Typically, the instruments that leak most to the selected
instrument track are those that are similar to the selected track.
Therefore, in order to improve quality, tracks that are similar to
the selected track are played together with the selected track.
Similarity here can be measured using many different methods
including: similar loudness, timbre, direction (or panning),
zero-crossing rate, etc. At step 416, the instrument tracks in s1
are faded out other than the tracks in g1. At step 418, the tempo
of s1 is compared to the tempo of s2. If the tempos are the same,
then the process continues to step 422. If the tempos are
different, then the tempo of the tracks in g1 are changed to match
the tempo of s2 as shown at step 420. Similar to step 218 above, a
tempo manipulation algorithm may be selected based on the type of
the selected instrument. At step 422, crossfading is performed
between tracks in g1 and tracks in g2 while keep all other tracks
in s2 silenced. At step 424, the remaining tracks in s2 are faded
in.
[0039] Finding similar tracks is described in document [9], for
example. For example, similar tracks may found by calculating the
cross-correlation between the dominant instrument from the first
song and all instruments from the second song and choosing the one
with highest correlation. Finding similar tracks may also be
performed by, for example, calculating a number of features from
the dominant instrument in the first song and from the instruments
in the second song and choosing the instrument from the second song
that has on average the most similar features. Typical features may
include: timbre, tonality, zero-crossing rate, MFCC, LPC,
fundamental frequency etc.
[0040] Referring now to FIG. 5, this figure shows a process flow
diagram for intelligent crossfading between two songs (s1, s2)

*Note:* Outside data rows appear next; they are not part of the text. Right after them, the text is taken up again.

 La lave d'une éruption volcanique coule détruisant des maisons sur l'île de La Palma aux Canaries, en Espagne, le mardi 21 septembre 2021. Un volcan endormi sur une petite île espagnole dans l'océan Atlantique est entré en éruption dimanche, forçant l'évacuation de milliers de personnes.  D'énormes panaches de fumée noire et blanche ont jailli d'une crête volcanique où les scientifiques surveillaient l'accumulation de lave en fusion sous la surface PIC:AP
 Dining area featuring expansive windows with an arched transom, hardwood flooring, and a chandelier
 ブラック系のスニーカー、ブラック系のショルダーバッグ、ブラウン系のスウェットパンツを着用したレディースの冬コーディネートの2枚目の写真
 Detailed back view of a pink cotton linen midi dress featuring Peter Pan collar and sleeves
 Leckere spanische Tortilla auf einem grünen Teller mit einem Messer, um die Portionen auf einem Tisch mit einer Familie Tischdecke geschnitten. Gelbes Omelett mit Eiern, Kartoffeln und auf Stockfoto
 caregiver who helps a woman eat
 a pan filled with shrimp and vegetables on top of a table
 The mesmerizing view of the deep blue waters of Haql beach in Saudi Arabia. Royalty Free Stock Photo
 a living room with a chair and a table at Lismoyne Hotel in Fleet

according to another exemplary embodiment. Steps 502-512 are
performed as described above with respect to steps 202-212 of FIG.

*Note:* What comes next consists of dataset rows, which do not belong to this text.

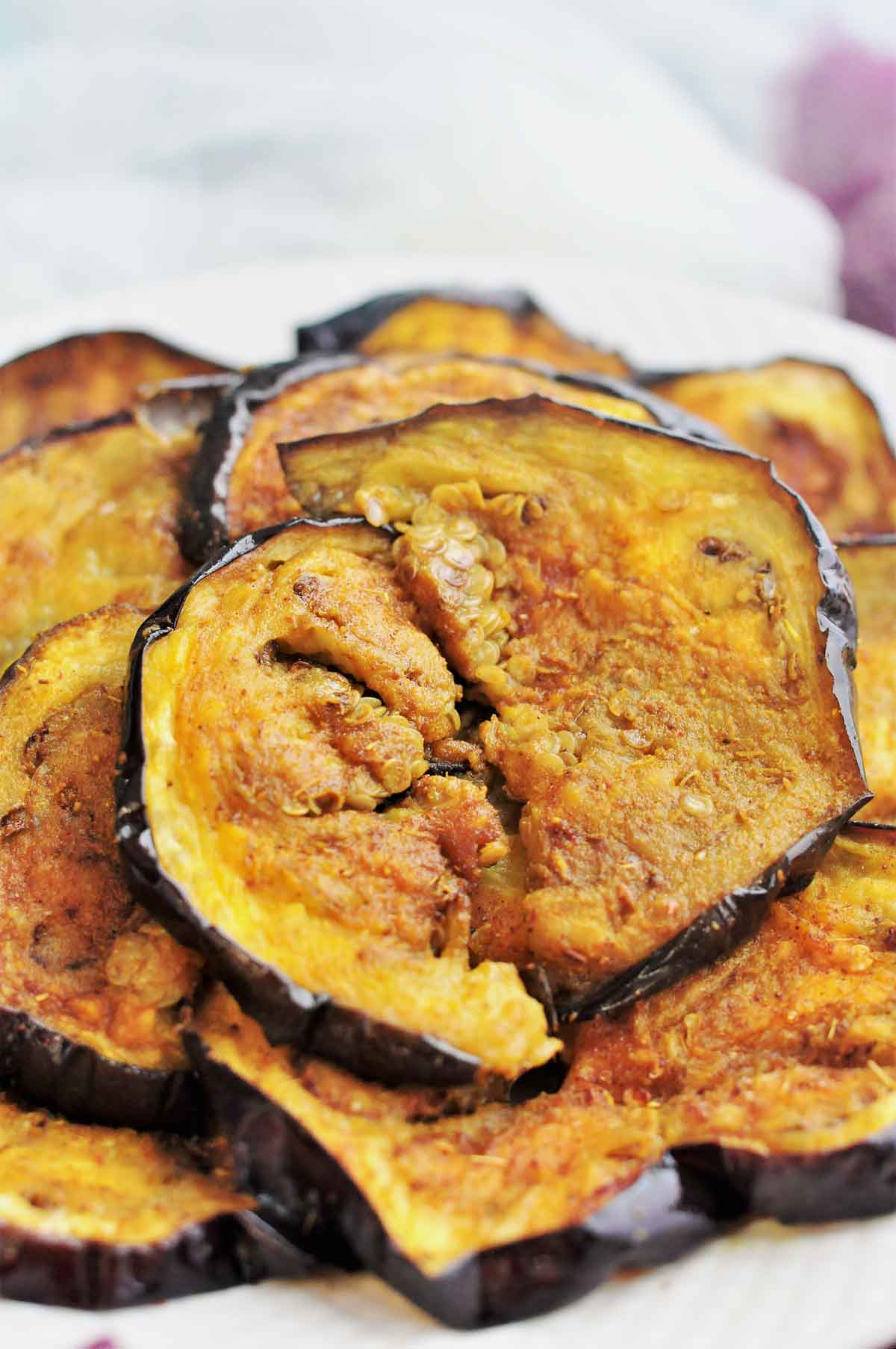 Roasted eggplant slices stacked in a serving plate.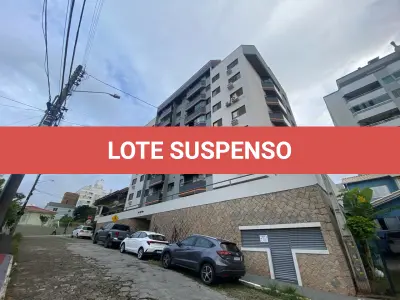 LOTE 001 - Apartamento e garagem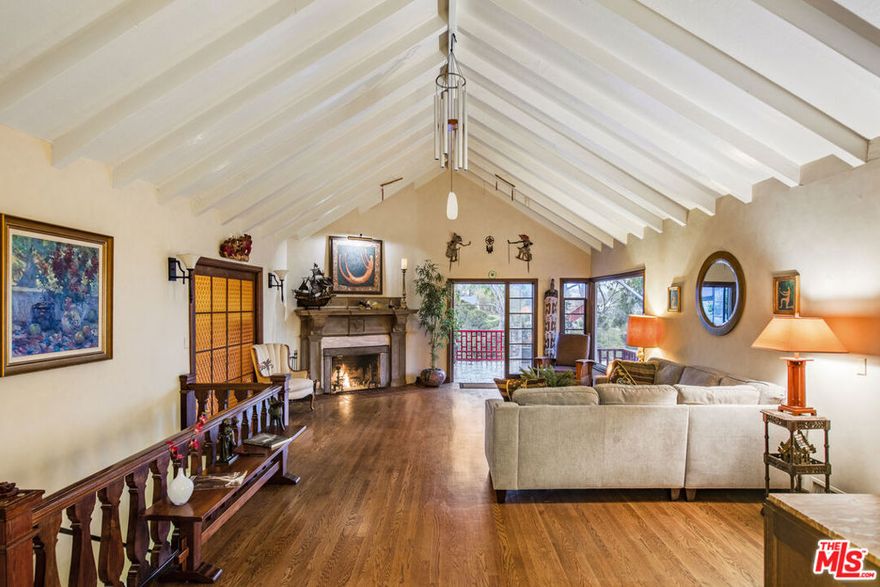 This magical estate, perched in the legendary Hollywood Hills, is a four-story architectural masterpiece and includes something very rare in the hills; when you step outside your kitchen door, it's onto your 6495 sq.ft. terraced, private park complete with fruit trees, a large raised bed vegetable garden, and cozy, private patios draped in shade by a huge 100-year-old oak tree. This is not just a home, it's a sanctuary above the fray, a living love letter to Classic Hollywood with a view of the iconic sign right outside your front door. Designed by acclaimed architect W. L.Schmolle and built by a renowned structural engineer, this 1948 castle blends timeless elegance with soul-stirring charm. Step through the front door and into a world of grandeur. Soaring 14-foot vaulted ceilings, a marble-clad wood-burning fireplace, and expansive picture windows open to panoramic views from Griffith Park to Long Beach. French doors lead you outside to a 400 sq. ft. entertainer's terrace with yet another fireplace, slate floors, and treetops swaying in the breeze. Every inch of this home whispers craftsmanship: hand-milled black walnut from Michigan, custom pocket doors, leaded glass windows, and subtle elements of Feng Shui which keeps the energy flowing freely. The chef's kitchen is a modern marvel with an Italian Bertazzoni range, stainless appliances, and ambient lighting that makes every culinary moment magical. Wander through one of the secret passageways and find yourself in the turret, a three-story tower where you'll discover an intimate lounge leading to a sun-soaked veranda, above that a circular meditation space and a bonus bedroom nestled beneath a skylight. Its like something out of a fairytale. The primary suite is expansive with views from every window, 2 large walk-in closets, and a Juliet balcony. The main bath has been completely redone, featuring dual marble sinks and heated floors. There is abundant storage space throughout the home, including a separate wine room complete with a 170-bottle EuroCave wine fridge. An 800 sq ft guest apartment with vintage O'Keefe & Merritt stove, clawfoot tub, and two private entries occupies the home's lower level offering even more opportunity for gracious living and creativity. Next to the property, a short walk down an historic stairway brings you to the charming Beachwood Village Square with its shops, market, and restaurant. Hiking trails to Lake Hollywood are right outside your front door, as well as access to horseback riding at Sunset Ranch. This is more than real estate. This is your storybook home! A private paradise.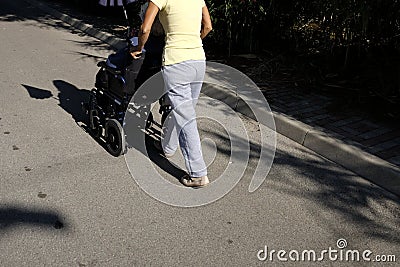 Elderly on wheelchair Stock Photo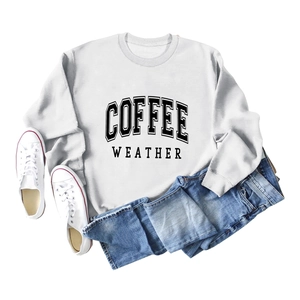 Flat lay of a white crewneck sweatshirt with black COFFEE WEATHER text and denim jeans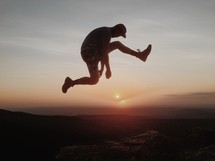 Silhouette of man leaping over a canyon at sunset.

2. At step 514, similar tracks to the dominant instrument tracks in
s1 are found; and similar tracks to the dominant tracks in s2 are
found, e.g. as described above with respect to step 414. At step
516, the instrument tracks in s1 are faded out other than the
dominant instrument tracks and the similar instrument tracks. At
step 518, the tempo of s1 is compared to the tempo of s2. If the
tempos are the same, then the process continues to step 522. If the
tempos are different, then the tempo of the dominant instrument
tracks and similar instrument tracks are changed to match the tempo
of s2 as shown at step 520. Similar to step 218 above, a tempo
manipulation algorithm may be selected based on the type of the
selected instrument. At step 522, crossfading is performed between
the dominant instrument tracks and similar instrument of s1, and
the dominant instrument tracks and similar instrument tracks of s2,
while keeping all other tracks in s2 silenced. At step 524, the
remaining tracks in s2 are faded in.
[0041] In some embodiments the instrument tracks of the first song
are faded out and silenced during the duration of the crossfade and
one or more of the tracks in of the second song are silenced and
faded in after the crossfade, however this is not required. For
example, in some embodiments different cross-fading method may be
selected for each instrument track such none of tracks are silenced
during the fade-in and fade-out. Selecting the crossfading method
may be based on the type of instrument. For example, if the
instrument tracks to be crossfaded are drums, then a crossfading
method optimized for drums may be selected, where if the instrument
tracks are synthesizer tracks then a crossfading method optimized
for synthesizers may be selected.
[0042] It should be understood that the current song (s1) and next
song (s2) may have different instruments, and therefore may have
different instrument tracks. According to some embodiments, only
the instruments that exist in both songs are used for crossfading.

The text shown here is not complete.